Aparelho colocado junto ao corpo garante socorro permanente



O projeto ainda está em fase de avaliação, mas há lista de espera para o serviço de socorro a idosos por telefone que a prefeitura de Joinville iniciou em julho. O programa de teleassistência atingiu o limite de 500 idosos atendidos no município.



Outros 120 aguardam para se cadastrar e receber o aparelho portátil capaz de garantir socorro em caso de urgência. Assim, pessoas de mais de 65 anos, com renda de até dois salários mínimos e que moram ou passam muito tempo sozinhos podem acionar, sempre que necessário, uma central de atendimento.

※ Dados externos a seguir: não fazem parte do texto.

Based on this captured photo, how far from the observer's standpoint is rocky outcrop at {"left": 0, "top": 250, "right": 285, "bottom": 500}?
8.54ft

Basta pressionar um botão de um aparelho preso ao corpo na forma de colar ou pulseira. Os atendentes da central da empresa, em São Paulo, verificam a situação do idoso - por meio do telefone viva voz - , e julgam se é o caso de chamar um familiar ou uma ambulância. Em cerca de quatro meses, o serviço ajudou a socorrer idosos vítimas de ataques cardíacos, desmaios, quedas e até assaltos. Os atendentes ainda entram em contato com os idosos uma vez por semana, para se informar da saúde deles. E avisam o horário certo de tomar os remédios.



Ontem à tarde, cerca de 40 idosos que fazem parte do programa se reuniram no Centro de Referência ao Idoso, a Casa Viva, no Bucarein, para trocar experiências.

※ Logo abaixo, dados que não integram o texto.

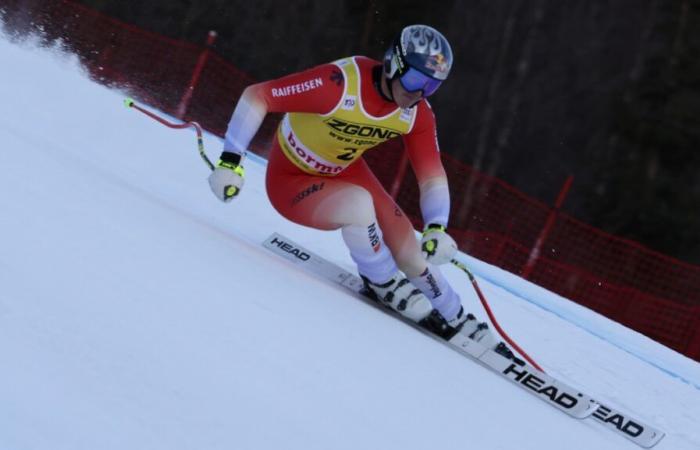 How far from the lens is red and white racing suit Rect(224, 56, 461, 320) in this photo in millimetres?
3613

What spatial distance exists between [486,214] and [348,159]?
11357mm

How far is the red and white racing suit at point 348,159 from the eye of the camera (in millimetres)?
3613

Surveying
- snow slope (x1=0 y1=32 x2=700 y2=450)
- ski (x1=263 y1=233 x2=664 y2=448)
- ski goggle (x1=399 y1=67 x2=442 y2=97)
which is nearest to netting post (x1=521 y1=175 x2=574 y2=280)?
snow slope (x1=0 y1=32 x2=700 y2=450)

- A idéia é que eles se conheçam, se tornem mais ativos e participantes. E também tirem dúvidas - explica o coordenador do programa de atenção ao idoso, Paulo César Priamo. Nessa etapa, a idéia é que os idosos atendidos em cada região da cidade formem um grupo de amigos.

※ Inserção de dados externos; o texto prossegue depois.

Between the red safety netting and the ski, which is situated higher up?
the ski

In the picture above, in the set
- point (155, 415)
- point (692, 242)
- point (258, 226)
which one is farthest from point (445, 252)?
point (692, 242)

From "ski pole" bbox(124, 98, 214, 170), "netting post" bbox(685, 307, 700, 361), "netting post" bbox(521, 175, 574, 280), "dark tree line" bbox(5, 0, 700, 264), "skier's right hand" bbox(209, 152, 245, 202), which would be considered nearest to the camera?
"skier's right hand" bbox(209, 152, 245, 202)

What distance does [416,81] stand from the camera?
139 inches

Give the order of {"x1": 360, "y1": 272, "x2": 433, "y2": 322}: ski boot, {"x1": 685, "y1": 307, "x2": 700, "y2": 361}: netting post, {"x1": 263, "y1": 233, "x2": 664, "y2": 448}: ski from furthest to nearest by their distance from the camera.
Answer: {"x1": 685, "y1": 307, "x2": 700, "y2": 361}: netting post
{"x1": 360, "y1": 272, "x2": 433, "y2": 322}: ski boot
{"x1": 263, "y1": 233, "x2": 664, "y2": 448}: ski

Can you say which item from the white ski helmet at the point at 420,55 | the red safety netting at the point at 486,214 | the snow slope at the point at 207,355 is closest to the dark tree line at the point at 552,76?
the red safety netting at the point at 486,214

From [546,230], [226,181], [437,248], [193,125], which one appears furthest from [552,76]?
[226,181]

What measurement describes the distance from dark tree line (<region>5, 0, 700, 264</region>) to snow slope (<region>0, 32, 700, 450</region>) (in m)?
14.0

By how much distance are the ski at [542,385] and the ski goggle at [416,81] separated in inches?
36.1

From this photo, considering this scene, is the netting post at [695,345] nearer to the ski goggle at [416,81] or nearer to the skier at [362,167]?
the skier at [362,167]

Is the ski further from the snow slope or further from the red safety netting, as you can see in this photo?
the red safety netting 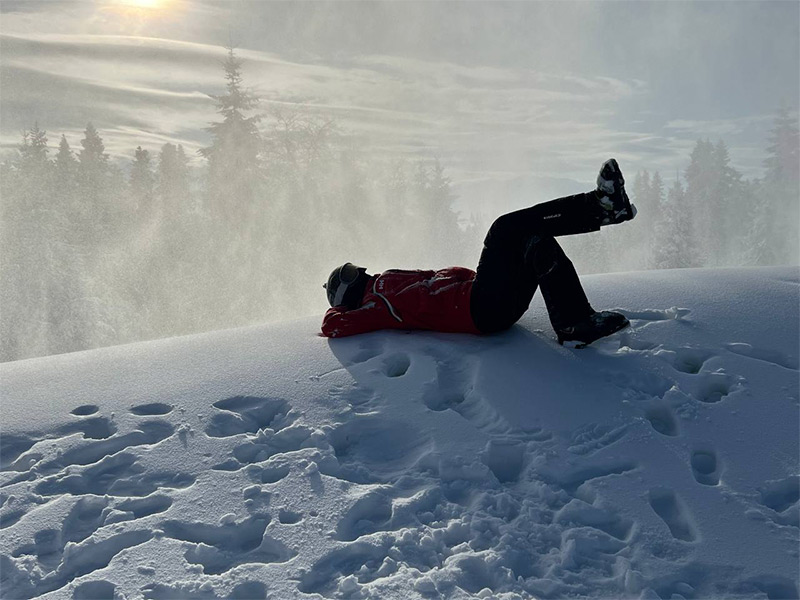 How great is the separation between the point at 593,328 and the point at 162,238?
3438 centimetres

Segundo a prefeitura, Joinville é a primeira cidade do Brasil a oferecer o serviço gratuitamente. A empresa contratada pelo município atende a clientes particulares em São Paulo, por um valor mensal. O contrato com a prefeitura prevê o custo mensal de R$ 80 por idoso atendido. Com a mudança de gestão na prefeitura, no ano que vem, fica difícil prever se o serviço será ampliado.



- Dependendo do caso, podemos encaixar, mas estamos no limite. O objetivo é que o programa seja avaliado no final de 2009 - disse a secretaria de assistência social, Valdira Barmi Pereira.